▸ What you have to do:
Below are some records; find each line that carries the word "This" and copy it.

### Material provided ###

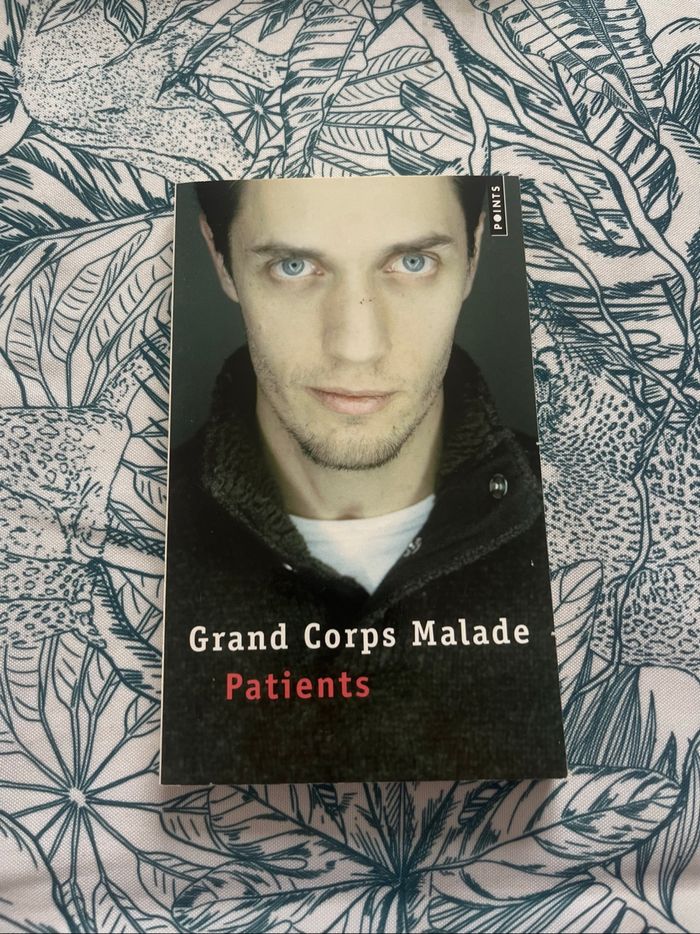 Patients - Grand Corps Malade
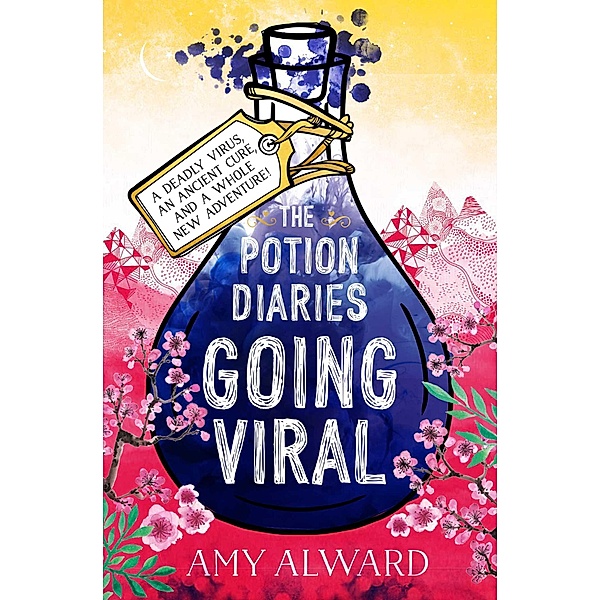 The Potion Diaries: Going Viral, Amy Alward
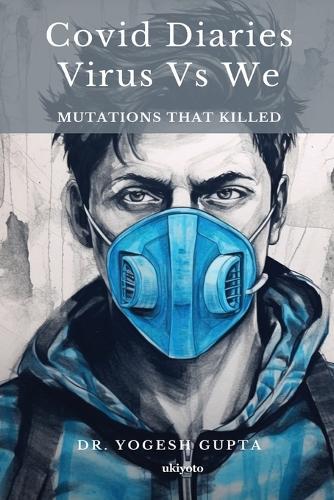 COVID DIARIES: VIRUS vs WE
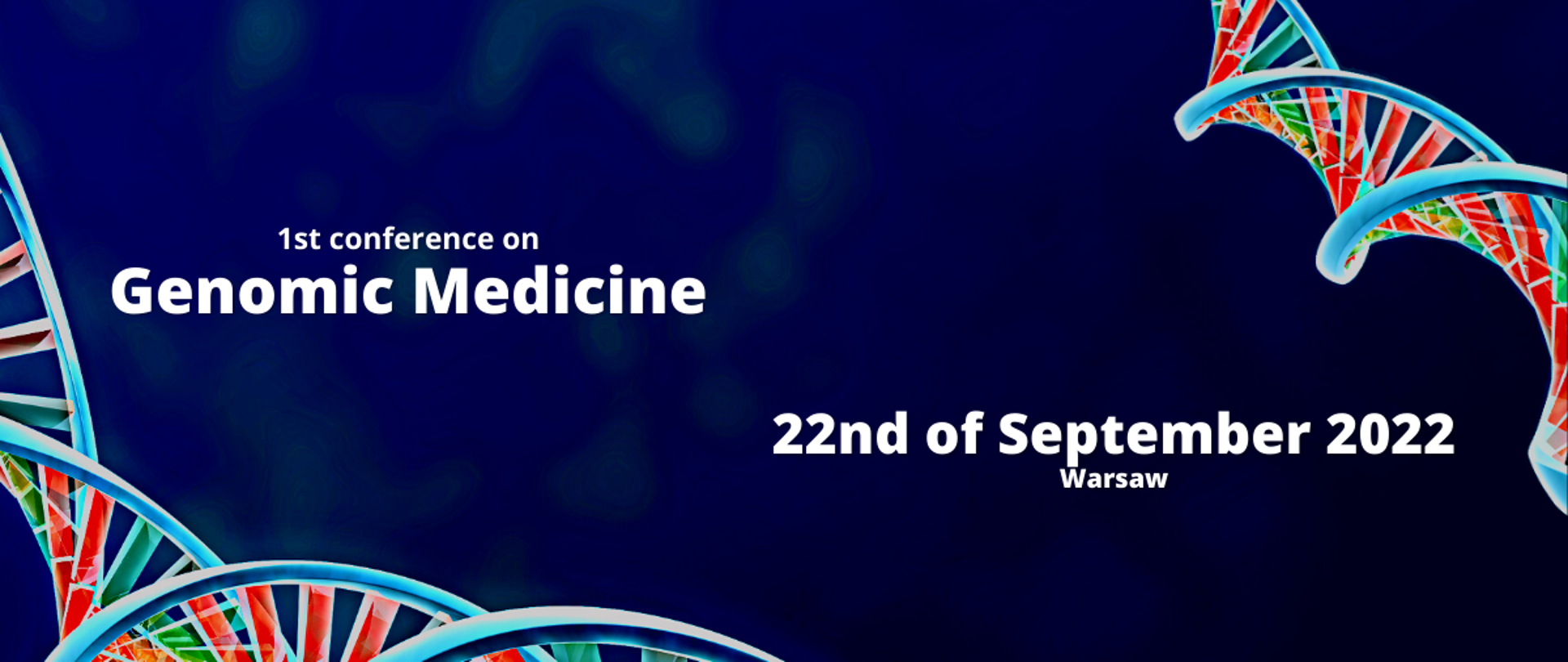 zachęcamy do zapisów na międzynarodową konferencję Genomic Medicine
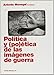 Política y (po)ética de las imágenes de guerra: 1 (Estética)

###
### Material provided ###

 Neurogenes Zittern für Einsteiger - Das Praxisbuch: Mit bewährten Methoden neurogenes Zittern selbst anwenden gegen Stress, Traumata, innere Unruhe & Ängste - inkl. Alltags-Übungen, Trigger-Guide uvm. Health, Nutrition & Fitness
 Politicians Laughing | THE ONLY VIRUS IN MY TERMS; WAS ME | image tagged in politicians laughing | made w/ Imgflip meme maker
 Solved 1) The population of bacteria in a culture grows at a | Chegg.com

###
### Material provided ###

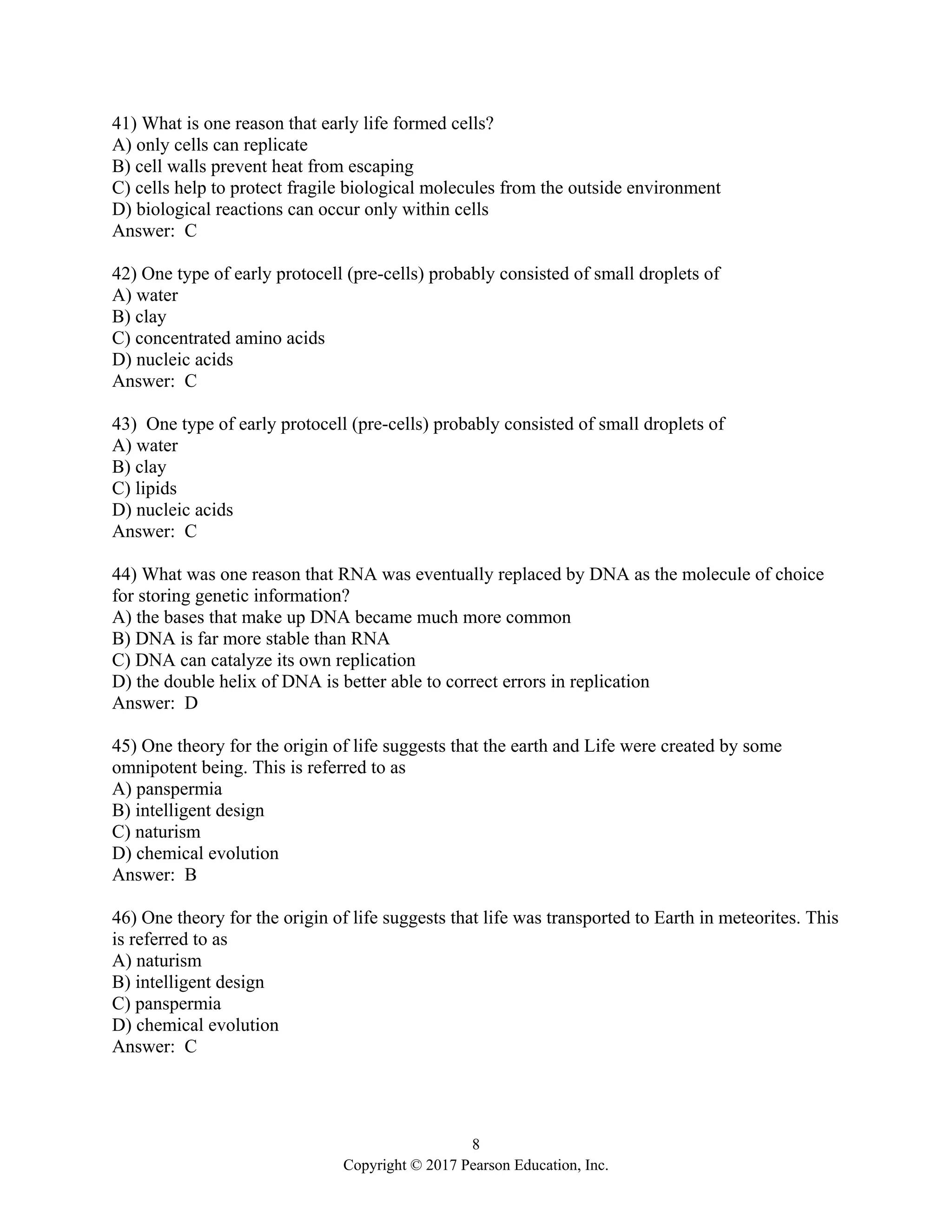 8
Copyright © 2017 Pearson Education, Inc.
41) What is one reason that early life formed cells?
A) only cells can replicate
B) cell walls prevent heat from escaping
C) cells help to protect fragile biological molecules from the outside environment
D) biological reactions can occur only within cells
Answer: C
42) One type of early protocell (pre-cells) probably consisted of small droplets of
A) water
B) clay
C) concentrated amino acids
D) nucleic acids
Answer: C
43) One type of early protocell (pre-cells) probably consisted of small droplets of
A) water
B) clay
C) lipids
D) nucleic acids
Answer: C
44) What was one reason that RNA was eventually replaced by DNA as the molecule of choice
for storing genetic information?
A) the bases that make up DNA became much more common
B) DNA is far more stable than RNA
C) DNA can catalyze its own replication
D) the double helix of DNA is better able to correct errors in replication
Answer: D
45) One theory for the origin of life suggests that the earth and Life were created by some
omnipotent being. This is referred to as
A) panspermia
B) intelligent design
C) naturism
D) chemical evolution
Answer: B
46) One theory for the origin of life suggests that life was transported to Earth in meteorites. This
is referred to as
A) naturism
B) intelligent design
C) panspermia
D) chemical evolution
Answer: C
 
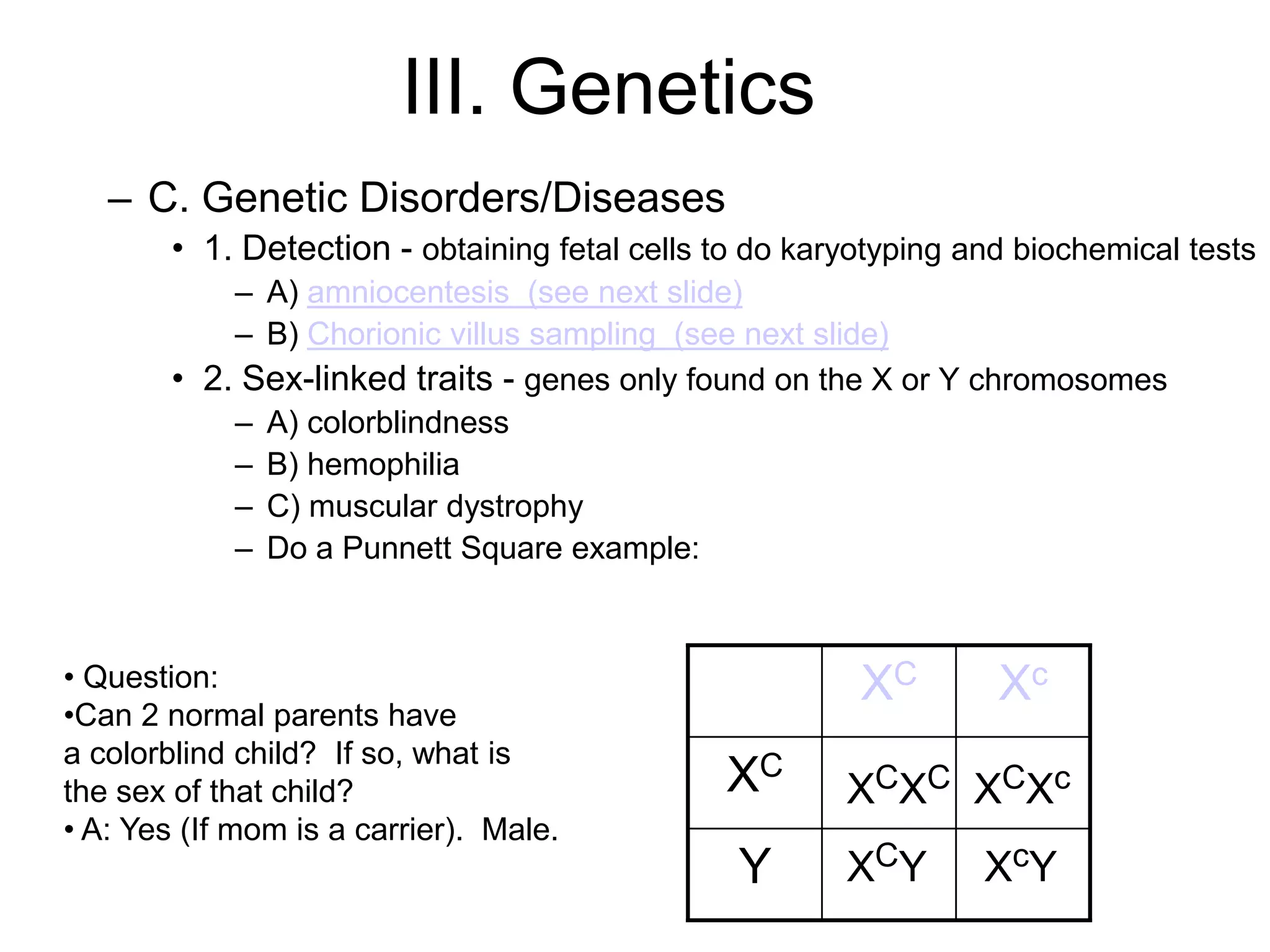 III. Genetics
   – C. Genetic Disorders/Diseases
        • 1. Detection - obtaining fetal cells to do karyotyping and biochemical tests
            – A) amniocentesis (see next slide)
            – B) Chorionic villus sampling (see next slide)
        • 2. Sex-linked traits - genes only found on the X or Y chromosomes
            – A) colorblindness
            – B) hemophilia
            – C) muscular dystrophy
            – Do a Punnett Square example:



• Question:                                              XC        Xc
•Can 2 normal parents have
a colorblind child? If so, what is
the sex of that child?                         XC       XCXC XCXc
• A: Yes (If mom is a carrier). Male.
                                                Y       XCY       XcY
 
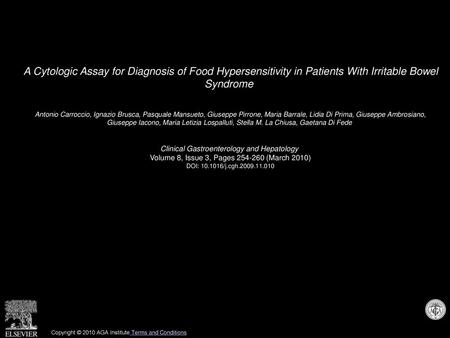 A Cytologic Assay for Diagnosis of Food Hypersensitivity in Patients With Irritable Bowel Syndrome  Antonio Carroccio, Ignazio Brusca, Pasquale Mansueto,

###

▸ Task output:
omnipotent being. This is referred to as
46) One theory for the origin of life suggests that life was transported to Earth in meteorites. This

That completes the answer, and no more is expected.